Chastain and Kral [123] measured 0.14 ± 0.05% headspace CH4 from Methanothermobacter wolfeii cultures containing carbon dioxide (CO2), 1 g montmorillonite, and 6 mL buffer (derived from montmorillonite and deionized water), but without an energy source [i.e., hydrogen (H2)]. The authors thus considered headspace concentrations greater than 0.1% to be the result of methanogenesis. Using Equation (A1), this value corresponds to 0.61 µmol CH4 in the experiments performed here, which we also consider to be the lower limit to attribute increases in CH4 concentration to active CH4 production by methanogens. However, as mentioned within the Materials and Methods section, we recognize that, without additional biomass data, we cannot ascertain whether this CH4 production corresponds to cell division or simply to maintenance metabolism. Although, we do argue that active metabolism, regardless of cell division, remains relevant to both terrestrial and Martian subsurface habitats [38,156].

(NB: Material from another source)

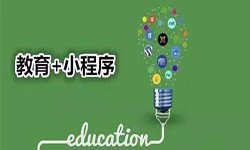微信小程序开发、开发教育小程序有哪些优势？锐智互动问鼎线上平台,问鼎（中国）公司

Appendix A.2. Calculations Converting Methane from ppbv to mol

Cervini-Silva et al. [171] conducted abiotic experiments in which they reacted nontronite with bicarbonate buffer and measured subsequent CH4 production. The highest CH4 concentration reached was 2040 ppbv after 60 days’ incubation at 25 °C. These experiments were conducted in 25 mL bottles and contained 100 mg nontronite in 10 mL 1 mM sodium bicarbonate (NaHCO3) with a nitrogen (N2) headspace. Assuming 0.015 L total headspace within the bottles, the total amount of N2 can be found using Equation (A1): with V = 0.015 L, P = 1 atm and T = 298 K, the total number of moles N2 in the headspace of the bottles is 0.61 mmol. The concentration of CH4 measured by Cervini-Silva et al. [160] (2040 ppbv CH4) equates to a 2.04 × 10−6 mole fraction. This equates to a CH4 concentration of 1.3 nmol, which is significantly lower than the value of 0.61 µmol CH4 that we attribute to active methanogenesis.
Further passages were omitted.